2024年、物流・運輸業界を対象にしたM&Aは、陸運を中心に大きく動いた。
件数は33件(12月25日時点)と前年比9件増。この背景にあるのが「2024年問題」だ。トラックドライバーの時間外労働の上限が年間960時間となり、人手不足に拍車がかかった。かねてから指摘されてきた問題で、2023年から倉庫・陸運で大きな動きがあったが、2024年もこの問題を背景にしたM&Aが続いた。
人材不足でM&Aに拍車
陸運のなかでも特に影響を受けたのは中・長距離輸送だ。人材不足に加え、燃料費の高騰などの問題も加わり、物流中堅のエスライングループ本社はMBO(経営陣による買収)を選択した。物流網の拡充とサービス強化を軸とした事業改革に取り組むために株式非公開化の道を選んだ。
同じく物流マッチングを手がけるトランコムも、米投資ファンドのベインキャピタルと組み、MBOを選択した。2024 年問題を背景に長距離輸送が困難になるとトランコムは予測。荷主が物流効率化を進めるなかで、中距離輸送ニーズが拡大すると分析しており、物流構造やニーズの変化をとらえ、抜本的な対策を打ち出すのが狙いだ。
人材不足は買収合戦でもM&Aの一要因となった。
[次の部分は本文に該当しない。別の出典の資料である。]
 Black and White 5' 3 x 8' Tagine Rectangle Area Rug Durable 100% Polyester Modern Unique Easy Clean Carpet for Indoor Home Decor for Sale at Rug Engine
「桃太郎便」で知られるAZ-COM丸和ホールディングスは2024年3月、低温物流(コールドチェーン)を得意とするC&Fロジホールディングスに対して同意なき買収提案を行った。C&Fを取り込み、グループ全体で効率的な配送を行うことで2024年問題の緩和にも寄与すると提案をしたのだ。
しかし、過去にAZ-COM丸和との経営統合について議論を重ねた経緯を持つC&Fは、それを受け入れることなく、宅配便大手の佐川急便を傘下に持つSGホールディングスと接触。SGは低温物流の取り込みを目的に対抗TOB(株式公開買い付け)を発動し、C&Fを傘下に収めた。SGも2024年問題を経営課題としてとらえており、人材獲得の側面も多分にあろう。総額約1240億円の買収劇となった。
3PLの強化を図る案件も
物流業界において市場が拡大している3PL(サード・パーティ・ロジスティクス)の強化を図る案件も見られた。3PLは荷主の物流戦略の立案、倉庫・在庫管理や輸配送など、物流全般を一括して請け負うサービスで、ヤマトホールディングスは、3PL事業を手がける物流サービス大手のナカノ商会を買収。ヤマトHDは中期経営計画で成長領域として3PLを位置付けており、M&Aや提携による事業拡大を図るとしてきた。
同じく3PL大手のロジスティード(旧日立物流)は、アルプス物流へのTOBを経て子会社化した。電子部品物流に強みを持つアルプス物流を傘下に迎えて、3PL事業の基盤強化と拡大を目指す。アルプス物流の筆頭株主で業績低迷に苦しむアルプスアルパインが事業ポートフォリオ改革を進めるなか、株式放出を決めた案件となる。